Leckie, Pettigrew and Sylvain (1996) who carried out an extensive literature review covering a number of fields (including information research), aimed to identify common patterns and trends. They deconstructed professional practices into multiple work roles and associated tasks and argued these to be the primary impetus for work-related information practices. In another extensive review of information science research, Case (2012) reviewed more than 50 years of research on information seeking and related topics. From the reviews, Case deduced that researchers need to differentiate between the world of medical practice and research findings, on the one hand and about patients’ condition on the other. Case review thus acknowledged that both aspects are given adequate coverage in the information seeking literature though overwhelming emphasis has been placed on how heath care providers learn about different medical aspects such as treatment, modalities, procedures, equipment, and medication. Interest may also centre on medical knowledge and education, including patients’ management, information needs, sources, and channels.

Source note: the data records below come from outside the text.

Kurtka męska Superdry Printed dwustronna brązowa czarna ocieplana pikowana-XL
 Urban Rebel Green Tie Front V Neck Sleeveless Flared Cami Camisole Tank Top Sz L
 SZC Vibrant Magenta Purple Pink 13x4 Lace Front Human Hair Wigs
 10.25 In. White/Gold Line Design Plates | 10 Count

Taylor’s (1991) seminal work proposes that the information use environment of practicing physicians poses a set of information concerns emphasizing the practice of medicine rather than that of medical research. Similarly, if the physician 'is affiliated with an organization such as a hospital, the relationships are not those to be found in the usual bureaucratic organization' (Taylor, 1991, p. 243-244). Physicians’ professional information is heavily patient-oriented, and physicians have as their primary concern the well-being of patients. Taylor’s analysis of physicians’ information use environments in early 1990’s exhibits challenging work setting with a variety of medical situations, which demand exercising medical judgment and making decisions often without possibility to rely on external information sources. In sum, Taylor’s information use environment is useful for understanding physicians’ information practices as it allows for a holistic analysis of specific professional contexts.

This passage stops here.